Featuring vocals by Jon Spencer, Diamanda Galas, Julee Cruise, Andre Williams, Kid Congo Powers, Francoise Cactus [Stereo Total], Hanin Elias [Atari Teenage Riot], and Khan.

Diamanda Galas: “Turkish brother homopsychotic Khan is very disturbed — all the better for our mutual enemies.”

Kid Congo Powers: “Khan has a great ass... and the music is fabtabulous! ... ‘Why Hurt Flesh’ was supposed to be like The Crystals’ ‘He Hit Me and it Felt Like A Kiss’ but we went a bit wild and it turned to cannibalism!... Khan was all for it.
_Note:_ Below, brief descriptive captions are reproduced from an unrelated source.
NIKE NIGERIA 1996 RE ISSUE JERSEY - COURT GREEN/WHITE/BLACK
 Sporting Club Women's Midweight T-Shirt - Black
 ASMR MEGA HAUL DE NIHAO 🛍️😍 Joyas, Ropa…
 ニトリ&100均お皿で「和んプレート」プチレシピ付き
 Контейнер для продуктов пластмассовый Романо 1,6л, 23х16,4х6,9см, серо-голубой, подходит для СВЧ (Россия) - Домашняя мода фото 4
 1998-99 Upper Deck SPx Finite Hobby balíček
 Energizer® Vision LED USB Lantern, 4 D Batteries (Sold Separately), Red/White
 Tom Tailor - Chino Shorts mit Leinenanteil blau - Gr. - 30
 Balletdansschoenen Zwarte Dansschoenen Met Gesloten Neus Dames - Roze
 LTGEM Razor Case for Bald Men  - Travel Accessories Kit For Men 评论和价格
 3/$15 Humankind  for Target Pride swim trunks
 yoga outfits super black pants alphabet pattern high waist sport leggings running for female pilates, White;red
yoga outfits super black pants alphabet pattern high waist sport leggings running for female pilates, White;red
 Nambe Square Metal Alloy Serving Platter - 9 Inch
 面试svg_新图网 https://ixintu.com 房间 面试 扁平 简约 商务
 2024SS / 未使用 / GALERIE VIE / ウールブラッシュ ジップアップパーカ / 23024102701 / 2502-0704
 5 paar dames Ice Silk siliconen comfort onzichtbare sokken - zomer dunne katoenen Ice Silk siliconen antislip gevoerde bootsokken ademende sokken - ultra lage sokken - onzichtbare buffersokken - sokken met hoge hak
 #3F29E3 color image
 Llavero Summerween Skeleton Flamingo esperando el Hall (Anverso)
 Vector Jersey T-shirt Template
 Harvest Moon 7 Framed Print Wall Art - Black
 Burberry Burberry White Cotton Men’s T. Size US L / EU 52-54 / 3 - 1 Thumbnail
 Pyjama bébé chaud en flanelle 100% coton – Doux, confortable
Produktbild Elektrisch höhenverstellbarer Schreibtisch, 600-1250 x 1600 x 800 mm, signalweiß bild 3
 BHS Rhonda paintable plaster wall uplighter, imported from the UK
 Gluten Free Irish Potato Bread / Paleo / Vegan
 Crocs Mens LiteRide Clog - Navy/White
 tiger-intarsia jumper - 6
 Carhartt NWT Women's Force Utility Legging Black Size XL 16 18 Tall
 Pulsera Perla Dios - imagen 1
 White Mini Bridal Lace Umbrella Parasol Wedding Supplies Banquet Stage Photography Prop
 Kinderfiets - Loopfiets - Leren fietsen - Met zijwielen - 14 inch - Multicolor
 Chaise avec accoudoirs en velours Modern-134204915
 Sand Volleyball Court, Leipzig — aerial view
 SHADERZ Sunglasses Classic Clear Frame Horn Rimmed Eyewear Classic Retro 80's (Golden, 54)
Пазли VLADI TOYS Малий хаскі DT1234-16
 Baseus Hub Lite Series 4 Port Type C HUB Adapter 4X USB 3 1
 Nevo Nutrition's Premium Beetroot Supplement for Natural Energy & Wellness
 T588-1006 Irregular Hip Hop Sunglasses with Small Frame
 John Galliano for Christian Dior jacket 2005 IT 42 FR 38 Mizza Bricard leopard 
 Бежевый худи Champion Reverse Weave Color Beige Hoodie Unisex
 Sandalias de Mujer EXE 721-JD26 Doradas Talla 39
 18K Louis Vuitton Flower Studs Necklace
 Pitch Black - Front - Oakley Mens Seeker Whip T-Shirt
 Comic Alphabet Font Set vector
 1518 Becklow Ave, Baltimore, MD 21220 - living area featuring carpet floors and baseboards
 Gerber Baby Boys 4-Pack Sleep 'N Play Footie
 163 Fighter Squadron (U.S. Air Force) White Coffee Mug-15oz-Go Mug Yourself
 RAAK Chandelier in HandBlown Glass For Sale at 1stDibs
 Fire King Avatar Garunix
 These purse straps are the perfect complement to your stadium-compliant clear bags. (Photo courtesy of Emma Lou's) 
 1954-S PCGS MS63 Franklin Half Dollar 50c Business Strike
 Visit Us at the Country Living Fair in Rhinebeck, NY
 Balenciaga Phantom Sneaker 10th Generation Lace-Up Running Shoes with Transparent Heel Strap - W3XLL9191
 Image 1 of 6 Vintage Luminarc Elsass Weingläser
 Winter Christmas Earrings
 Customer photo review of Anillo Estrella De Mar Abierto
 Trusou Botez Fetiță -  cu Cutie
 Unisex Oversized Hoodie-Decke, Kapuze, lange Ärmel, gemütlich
It’s nice to fraternize with genius.”

Alec Empire: “Khan is a true genius! A lot of people copied him, fuck them, he is the original. The collaboration between Hanin and him defines what New York’s indie drum-machine bands are trying since years but never achieve. I just wish Hanin would stop carrying a gun...”

Hanin Elias: “Working with Can was like a quickie, spontaneous, fast and satisfactory. I’m up for some more...”

Julee Cruise: “My dog thinks Khan’s music is Devil music...”

Khan composed and played all the music on No Comprendo, then invited a host of vocalists to come up with vocal melodies and lyrics. Some of the singers Khan already knew, others were people he admired for some time. Khan actually was able to get his entire “wish list” (save for Fred Schneider, with whom he recorded but whose label prohibits side projects). Though their parts were created completely separate from Khan and without his input, both artists were in the studio during recording (alternating between NYC and Berlin). More cooperative than collaborative, this approach provided some exciting tension and discord, illustrated by the fighting cocks on the CD cover. Khan found that the women came to the studio very prepared, while the men improvised on the spot (he thinks Andre Williams has no recollection of even having participated).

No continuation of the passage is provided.